I have a table which records the chlorine samples in distribution for a water company at different sites. To start I have the following sub-query:
SELECT CONCAT(MIN(in_dist.chlorine_mgl), ' - ', MAX(in_dist.chlorine_mgl))
FROM gis_user.BACTISURVEY AS in_dist
INNER JOIN (SELECT MAX(last_edited_date ) AS max_date, collection_location, sample_type, date_sample_collected
FROM gis_user.BACTISURVEY
GROUP BY date_sample_collected, collection_location, sample_type ) AS tbl ON tbl.collection_location = in_dist.collection_location
AND tbl.date_sample_collected = in_dist.date_sample_collected
WHERE samples.district_distribution = in_dist.district_distribution
This subquery has a few conditions:
- So for these sites in my application you have the option to edit the entry, but the database keeps an archive of these edits in the same table, distinguished by 'edit date', so naturally I need to take the latest edit based on datetime (I'm expecting a lot of edits because of the nature of the program)

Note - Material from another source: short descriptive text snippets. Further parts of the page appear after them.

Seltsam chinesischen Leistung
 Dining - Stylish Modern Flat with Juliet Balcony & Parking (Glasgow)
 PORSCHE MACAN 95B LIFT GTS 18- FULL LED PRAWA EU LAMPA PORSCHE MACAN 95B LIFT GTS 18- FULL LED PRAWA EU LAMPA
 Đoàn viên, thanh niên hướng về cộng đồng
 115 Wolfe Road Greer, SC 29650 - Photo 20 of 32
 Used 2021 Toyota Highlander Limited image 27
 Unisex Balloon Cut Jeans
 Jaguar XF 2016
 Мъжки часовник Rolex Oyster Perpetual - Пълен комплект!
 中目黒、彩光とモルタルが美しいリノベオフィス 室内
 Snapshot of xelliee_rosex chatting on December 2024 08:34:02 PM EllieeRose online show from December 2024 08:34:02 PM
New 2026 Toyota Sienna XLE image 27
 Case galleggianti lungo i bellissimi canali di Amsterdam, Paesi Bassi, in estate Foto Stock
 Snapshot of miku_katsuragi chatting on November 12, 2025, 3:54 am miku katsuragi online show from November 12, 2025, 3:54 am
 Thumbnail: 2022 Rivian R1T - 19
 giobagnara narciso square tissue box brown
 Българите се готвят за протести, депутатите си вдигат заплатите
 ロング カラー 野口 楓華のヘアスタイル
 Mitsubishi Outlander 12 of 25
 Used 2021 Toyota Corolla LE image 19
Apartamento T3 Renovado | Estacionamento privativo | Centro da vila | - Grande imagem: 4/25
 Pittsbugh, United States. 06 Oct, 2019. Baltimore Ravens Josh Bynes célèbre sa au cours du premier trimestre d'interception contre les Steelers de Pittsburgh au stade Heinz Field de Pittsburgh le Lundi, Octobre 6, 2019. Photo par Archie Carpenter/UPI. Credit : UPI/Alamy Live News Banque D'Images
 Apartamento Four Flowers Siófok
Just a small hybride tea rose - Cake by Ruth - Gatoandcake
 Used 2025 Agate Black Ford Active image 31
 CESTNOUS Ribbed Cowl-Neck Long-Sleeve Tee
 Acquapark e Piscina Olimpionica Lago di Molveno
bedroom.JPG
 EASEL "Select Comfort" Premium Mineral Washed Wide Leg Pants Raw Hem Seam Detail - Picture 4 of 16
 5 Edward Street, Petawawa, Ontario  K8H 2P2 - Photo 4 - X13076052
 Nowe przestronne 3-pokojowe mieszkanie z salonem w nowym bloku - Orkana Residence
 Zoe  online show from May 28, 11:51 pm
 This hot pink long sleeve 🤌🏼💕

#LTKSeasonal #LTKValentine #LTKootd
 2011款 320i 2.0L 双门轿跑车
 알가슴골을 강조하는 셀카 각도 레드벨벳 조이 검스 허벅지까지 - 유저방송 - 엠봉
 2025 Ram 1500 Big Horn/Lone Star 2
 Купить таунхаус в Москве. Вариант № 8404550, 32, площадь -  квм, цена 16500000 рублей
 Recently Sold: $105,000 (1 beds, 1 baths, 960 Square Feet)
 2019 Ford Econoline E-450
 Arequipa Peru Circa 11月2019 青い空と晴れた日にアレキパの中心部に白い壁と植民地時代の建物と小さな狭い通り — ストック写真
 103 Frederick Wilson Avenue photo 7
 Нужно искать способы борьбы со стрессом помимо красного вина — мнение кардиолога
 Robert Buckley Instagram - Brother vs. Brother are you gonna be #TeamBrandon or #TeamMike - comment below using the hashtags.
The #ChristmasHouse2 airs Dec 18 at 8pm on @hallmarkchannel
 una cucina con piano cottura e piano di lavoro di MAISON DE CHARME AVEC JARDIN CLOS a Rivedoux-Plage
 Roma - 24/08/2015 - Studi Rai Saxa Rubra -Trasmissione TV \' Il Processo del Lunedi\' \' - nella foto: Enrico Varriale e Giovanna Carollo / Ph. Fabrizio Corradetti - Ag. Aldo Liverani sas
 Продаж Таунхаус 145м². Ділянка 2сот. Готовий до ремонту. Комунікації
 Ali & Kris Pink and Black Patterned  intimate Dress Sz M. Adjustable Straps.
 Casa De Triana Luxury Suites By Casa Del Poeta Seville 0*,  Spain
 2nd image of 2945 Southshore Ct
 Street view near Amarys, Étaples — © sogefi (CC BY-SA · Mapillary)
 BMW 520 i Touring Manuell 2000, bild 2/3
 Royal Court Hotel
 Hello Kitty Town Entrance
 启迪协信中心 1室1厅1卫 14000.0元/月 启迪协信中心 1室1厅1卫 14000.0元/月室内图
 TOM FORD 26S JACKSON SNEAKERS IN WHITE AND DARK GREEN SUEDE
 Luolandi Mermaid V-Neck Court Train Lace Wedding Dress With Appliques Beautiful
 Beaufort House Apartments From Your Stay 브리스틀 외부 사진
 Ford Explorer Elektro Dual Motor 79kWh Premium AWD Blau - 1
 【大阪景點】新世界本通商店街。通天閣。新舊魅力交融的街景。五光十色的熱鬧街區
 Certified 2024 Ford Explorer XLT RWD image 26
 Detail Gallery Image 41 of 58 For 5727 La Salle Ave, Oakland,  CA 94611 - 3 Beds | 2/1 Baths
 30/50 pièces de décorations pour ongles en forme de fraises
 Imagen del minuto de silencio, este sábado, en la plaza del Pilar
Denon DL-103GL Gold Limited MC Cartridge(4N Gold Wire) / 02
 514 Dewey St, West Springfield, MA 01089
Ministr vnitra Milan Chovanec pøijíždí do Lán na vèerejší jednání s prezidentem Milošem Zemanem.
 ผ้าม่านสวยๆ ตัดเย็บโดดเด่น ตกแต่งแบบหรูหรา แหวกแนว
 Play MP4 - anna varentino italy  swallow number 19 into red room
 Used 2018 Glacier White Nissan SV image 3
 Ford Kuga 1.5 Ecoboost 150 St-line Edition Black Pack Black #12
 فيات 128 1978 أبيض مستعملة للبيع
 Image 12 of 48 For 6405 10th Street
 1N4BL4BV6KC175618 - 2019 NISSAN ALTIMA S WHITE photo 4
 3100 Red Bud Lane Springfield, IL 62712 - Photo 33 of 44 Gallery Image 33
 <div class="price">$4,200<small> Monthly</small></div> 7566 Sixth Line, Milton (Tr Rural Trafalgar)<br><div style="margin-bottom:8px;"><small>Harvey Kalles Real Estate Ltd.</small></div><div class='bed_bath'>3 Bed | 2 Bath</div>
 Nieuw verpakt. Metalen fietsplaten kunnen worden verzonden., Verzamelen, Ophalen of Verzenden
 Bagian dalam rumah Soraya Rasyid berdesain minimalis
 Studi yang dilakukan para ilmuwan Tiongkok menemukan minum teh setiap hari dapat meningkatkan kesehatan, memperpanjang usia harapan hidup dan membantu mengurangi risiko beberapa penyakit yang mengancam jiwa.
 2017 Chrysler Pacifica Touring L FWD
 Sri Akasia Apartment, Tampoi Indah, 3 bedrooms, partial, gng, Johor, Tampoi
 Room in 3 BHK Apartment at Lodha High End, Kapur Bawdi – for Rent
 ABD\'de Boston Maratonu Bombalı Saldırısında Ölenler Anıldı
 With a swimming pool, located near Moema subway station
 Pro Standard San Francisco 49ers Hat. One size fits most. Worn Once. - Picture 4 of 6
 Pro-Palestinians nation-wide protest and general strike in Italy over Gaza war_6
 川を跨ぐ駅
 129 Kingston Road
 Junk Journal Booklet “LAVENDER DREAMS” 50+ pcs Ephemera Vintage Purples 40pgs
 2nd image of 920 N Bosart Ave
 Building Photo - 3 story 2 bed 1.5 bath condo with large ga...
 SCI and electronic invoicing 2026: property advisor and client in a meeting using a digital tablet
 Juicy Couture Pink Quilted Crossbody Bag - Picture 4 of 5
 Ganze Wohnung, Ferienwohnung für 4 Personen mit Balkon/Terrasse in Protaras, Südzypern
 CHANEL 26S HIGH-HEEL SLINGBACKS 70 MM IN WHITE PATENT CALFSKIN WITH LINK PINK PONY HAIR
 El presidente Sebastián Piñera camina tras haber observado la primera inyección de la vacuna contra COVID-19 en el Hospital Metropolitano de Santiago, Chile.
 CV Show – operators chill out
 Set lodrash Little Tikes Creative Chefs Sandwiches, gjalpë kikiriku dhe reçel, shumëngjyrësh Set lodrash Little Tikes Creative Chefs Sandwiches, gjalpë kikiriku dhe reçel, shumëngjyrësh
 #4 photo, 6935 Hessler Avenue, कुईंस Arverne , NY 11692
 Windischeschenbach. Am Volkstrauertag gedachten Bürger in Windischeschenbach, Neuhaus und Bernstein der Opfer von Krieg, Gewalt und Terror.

- I want to take the minimum chlorine sample value and the maximum chlorine value for a group (This group being district_distribution AND ALSO date_sample_collected)
So basically I want the following:
DISTRICT CHLORINE DATE COLLECTED
district1 1.2 - 2.6 March 30th 2020
district1 1.4 - 3.2 April 1st 2020
district2 1.6 - 2.4 March 30th 2020
But I'm getting something like the following:
DISTRICT CHLORINE DATE COLLECTED
district1 1.2 - 3.2 March 30th 2020
district1 1.2 - 3.2 April 1st 2020
district2 1.6 - 2.4 March 30th 2020
So what that shows me is that it's taking all the chlorine samples regardless of date within the district_distribution group and taking the minimum and maximum value of those. I want it to differentiate between the collection date as well as the district.
EDIT --
For the below answer, would a case like this also be covered by your query?:
-- Unique Entry 1 (district 1, Type A, AUS, 30th Mar)
('district 1', 'type A', 'AUS', '2020-02-30', '2020-04-01', 1.2) --Another row expected min
,('district 1', 'type A', 'AUS', '2020-02-30', '2020-04-01', 2.8) --Another row expected max
,('district 1', 'type A', 'AUS', '2020-03-30', '2020-04-03', 1.1)
,('district 1', 'type A', 'AUS', '2020-03-30', '2020-04-03', 5.2)
,('district 1', 'type A', 'AUS', '2020-03-30', '2020-04-05', 1.21) --Expected min
,('district 1', 'type A', 'AUS', '2020-03-30', '2020-04-05', 1.44) --Expected max
EDIT2: So I used your partition and rank suggestion and that seems to be the trick! I thank you! Marked Answer below.